The Pro-120 series are card controllers, open to the elements – and users. They are similar to the VTX and older NCC series – but have several more sophisticated protection mechanisms built in.
This page identifies some of the components that customers sometimes blow, with some other key components. This is not an invitation to experiment! The board shown is a Mk 2, but layout of the older Mk1 is very similar.
The key components are indicated on the diagram below by a red arrow with a number beside it. The transistors are separately numbered on the circuit board silk screen and are shown also in the drawing here (this can be useful if we need to discuss transistor numbers via email) and the numbers cross-refer to the circuit diagram, Tr1, Tr2 etc.

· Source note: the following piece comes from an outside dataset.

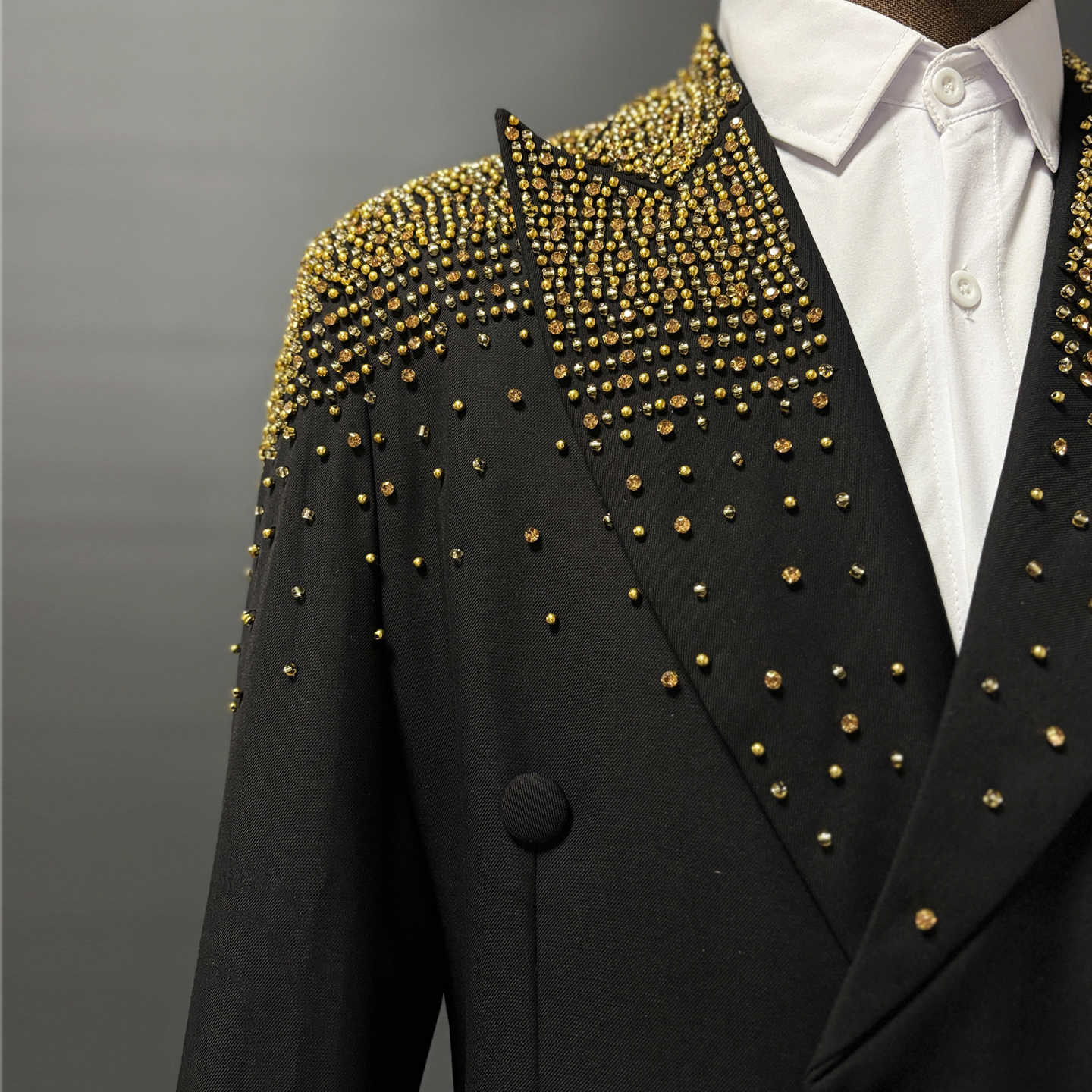 Sparkly Wedding Tuxedos Golden Rhinestone Beaded Men Suit Peaked Lapel Jacket Luxury Evening Party Business Blazers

The indicated components are as follow. The numbers are the same as those used on the NCC, so there are gaps.
- 1. 8v2 zener.
This is deliberately chosen so that it has a tendency to fail short-circuit under any overload conditions. By failing thus, it protects other components and is generally good at limiting the damage. Type BZX55V 8v2 or any similar zener of the right voltage. Beware that if the zener is damaged, Tr 8 (item 24) also may well be damaged.
- 2. Current source reference transistor. Tr 7.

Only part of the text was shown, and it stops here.